#### EXERCISE AIM
Would you copy the lines below exactly and omit the images?

#### INFORMATION SHOWN
========================================

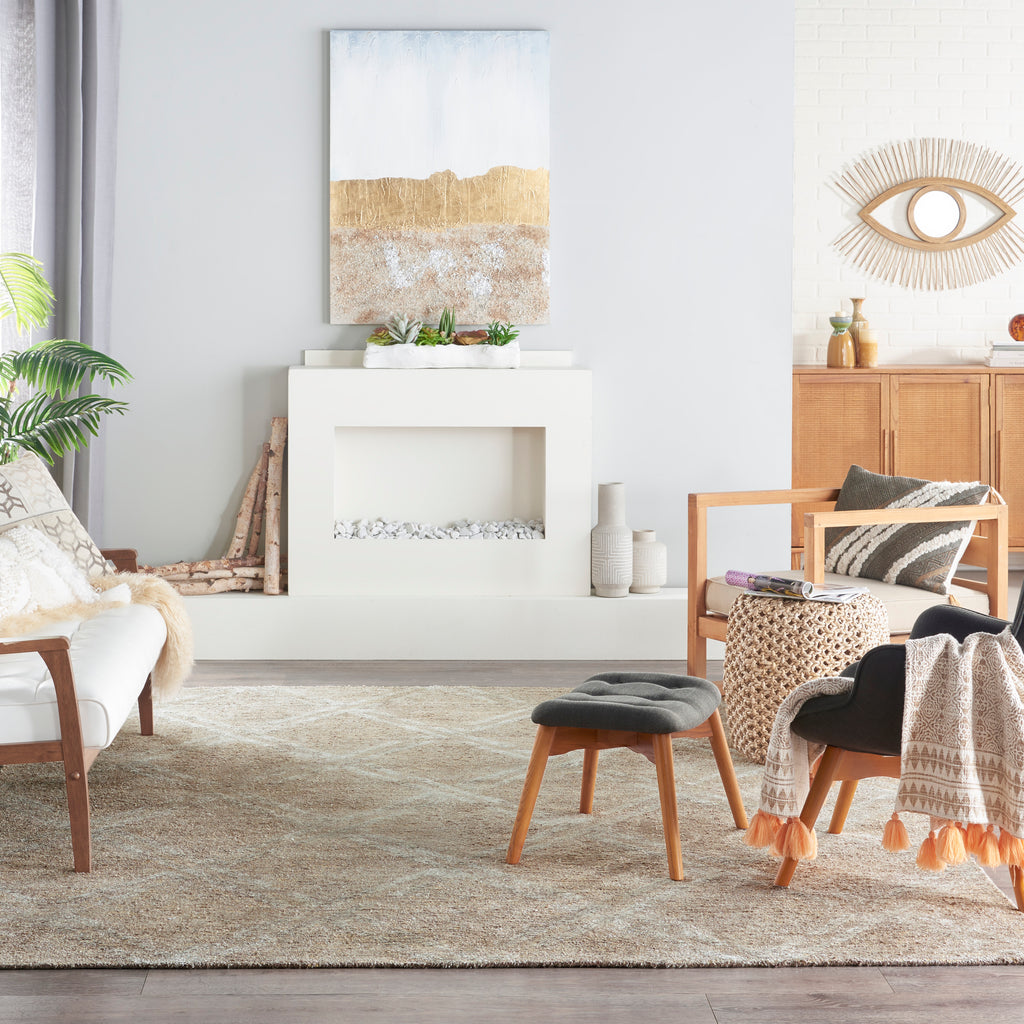 nourison venosa vsn01 taupe rug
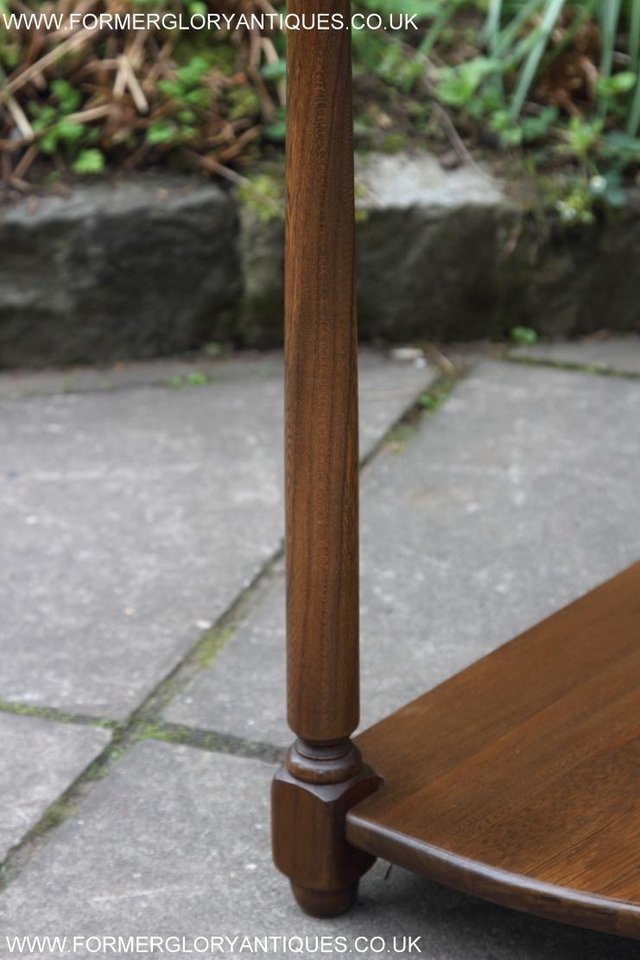 Image 44 of AN ERCOL GOLDEN DAWN HALL LAMP PHONE SIDE TABLE STAND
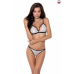 Комплект белья ORIHIME SET white XXL/XXXL: стрэпы: лиф и трусики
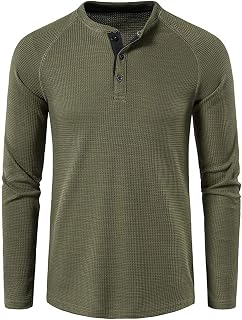 J.VER Men's Dress Shirts Long Sleeve Shirt Formal Cotton Casual Slightly Elastic Easy Iron, D - Army green, S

========================================

#### ANSWER TO THIS TASK
 nourison venosa vsn01 taupe rug
 Image 44 of AN ERCOL GOLDEN DAWN HALL LAMP PHONE SIDE TABLE STAND
 Комплект белья ORIHIME SET white XXL/XXXL: стрэпы: лиф и трусики
 J.VER Men's Dress Shirts Long Sleeve Shirt Formal Cotton Casual Slightly Elastic Easy Iron, D - Army green, S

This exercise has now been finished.